India, China begin disengagement in Gogra-Hotsprings PP-15 in eastern Ladakh

The Asian Age.  | Pawan Bali

India, All India

There is still the issue of stand-off at Demchock and Chinese PLA Army forces blocking Indian troops from the patrolling at Depsang plains

The beginning of the disengagement process was an outcome of the 16th round of high-level military talks in July, according to a joint statement by the two armies. (PTI file image)

NEW DELHI: In a major breakthrough, Indian and Chinese troops on Thursday began disengagement from the Gogra-Hotsprings general area (Patrolling Point-15) in the Ladakh sector "in a coordinated and planned way" after nearly 28 months of military stand-off, joint statement issued by both the countries said on Thursday.

The statement came before the Shanghai Cooperation Organisation (SCO) summit in Uzbekistan next week which Prime Minister Narendra Modi and Chinese President Xi Jinping are expected to attend.  There is speculation over whether the event will see a bilateral meeting between Modi and Jinping. If it comes through, it will be the first such talks between the two after the military stand-off between the two countries broke in April 2020.

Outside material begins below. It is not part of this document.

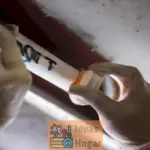 Se puede pintar un conducto de aire en el sótano sin dañarlo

The breakthrough on Thursday cames nearly one year after both sides had disengaged from another standoff — Patrolling Point 17A in Gogra — in the same sector. Since the stand-off began, disengagement has been achieved in Galwan, Pangong Tso, Gogra (PP-17A) and now Gogra-Hotsprings general area (Patrolling Point-15).

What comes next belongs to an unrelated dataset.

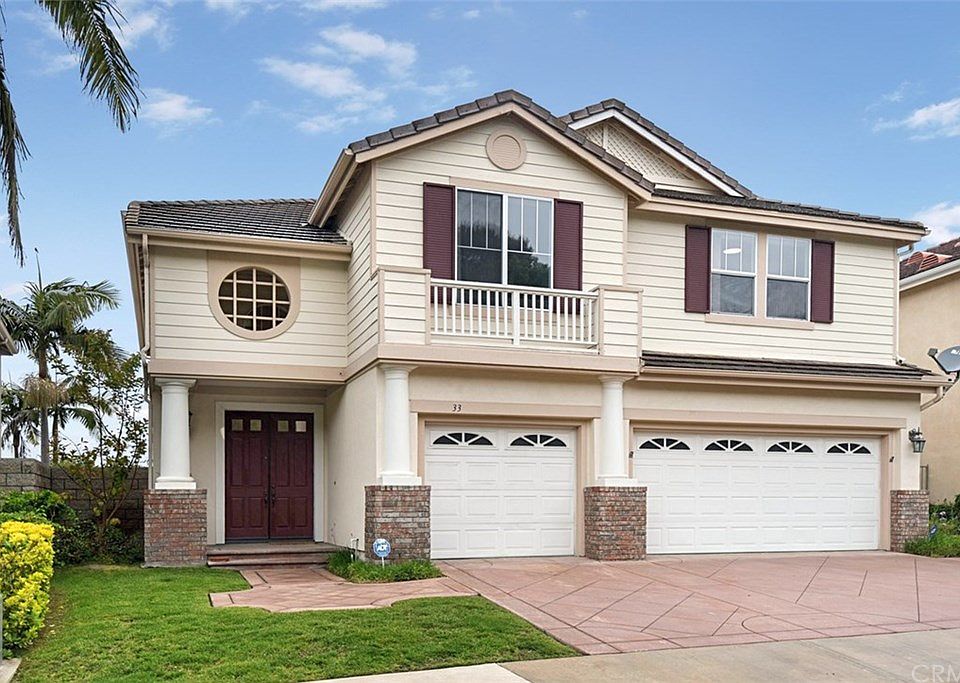 1st image of 33 Sprucewood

There is still the issue of stand-off at Demchock and the Chinese People’s Liberation Army forces blocking Indian troops from the patrolling at Depsang plains.

"On 8th September 2022, according to the consensus reached in the 16th round of India China Corps Commander Level Meeting, the Indian and Chinese troops in the area of Gogra-Hotsprings (PP-15) have begun to disengage in a coordinated and planned way, which is conducive to the peace and tranquility in the border areas," said the joint statement issued on Thursday. It is likely that a buffer zone will be set up which will put a freeze on patrolling by troops from both sides in the area.

The 16th round of Corps Commanders meeting between India and China was held in July at the Chushul-Moldo meeting point in Ladakh.

However, a large number of troops along with tanks, artillery and air defence missile systems from the Chinese side are said to be deployed at frontline positions at the Line of Actual Control (LAC). China has also built massive military infrastructure all along the LAC. The tensions between the two sides will persist till China pulls back massive number of troops it brought to frontline at LAC in April 2020.

"It is a positive development but we can't say that we have achieved the status of pre-April 2020," said sources in the defence establishment.

After the disengagement from Gogra Post in August 2021 during the 12th round of Corps Commanders, it was believed that Hot Springs issued will be resolved quickly as it had in 2020 witnessed a partial roll-back of troops. However, Chinese dragged their feet on further disengagement from the Hot-Springs for more than a year.

In February 2021, Indian and Chinese troops had completed their disengagement from the most contentious friction point Pangong Tso in the Eastern Ladakh after nearly nine months of eyeball to eyeball military stand-off.